Le Devoir

La dette des agresseurs

- ISABELLE PARÉ

Après avoir traversé quatre procès criminels et fait condamner ses quatre agresseurs, Guylaine Lebreux ne sent toujours pas que justice a été rendue, compte tenu des années de misère qu’elle a endurées. «J’ai retrouvé ma dignité, ma liberté. Mais même si mes agresseurs ont payé leurs dettes envers la société, j’estime qu’ils ont encore une dette envers moi», raconte cette Gaspésienn­e dont les procès criminels ont fait grand bruit dans sa ville natale.

La mère de famille, qui a subi de 6 à 15 ans les sévices sexuels répétés de quatre de ses oncles, est sur le point d’entreprend­re un des rares procès civils en dommages et intérêts intentés pour agression sexuelle au Québec. Elle estime que son cheminemen­t pour obtenir réparation, amorcé en 2009 lors du dépôt d’une plainte à la police, n’est pas encore bouclé.

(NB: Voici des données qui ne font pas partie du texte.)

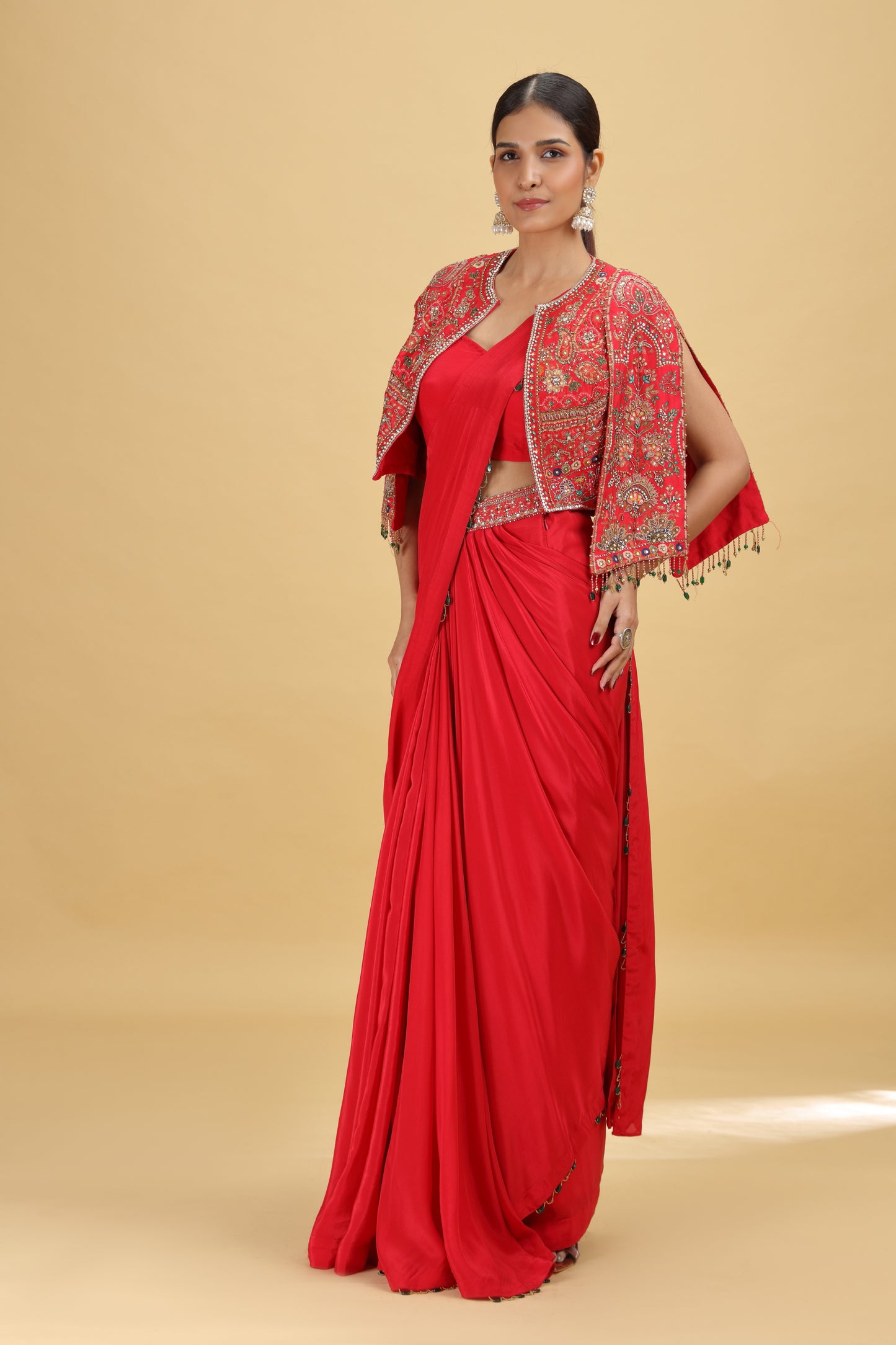 Woman wearing a designer red saree with a matching blouse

Il aura fallu du cran à cette jeune femme pour faire condamner ses proches, près de vingt ans après les faits. Après le dépôt de la plainte, la police la convainc d’affronter seule ses quatre agresseurs armée d’un micro caché. Les hommes s’ouvrent sur leurs crimes et sont tous déclarés coupables, lors de procès distincts. Ils purgent respective­ment des peines de neuf mois, de quatre ans, de trois ans et demi et de cinq ans. «Le dernier accusé est sorti de prison en 2016 et, depuis, toute ma famille m’a reniée. J’avais encore peur d’aller en Gaspésie il y a quelques années, mais aujourd’hui, je me sens plus forte», affirme Guylaine, qui a refait sa vie à Sherbrooke.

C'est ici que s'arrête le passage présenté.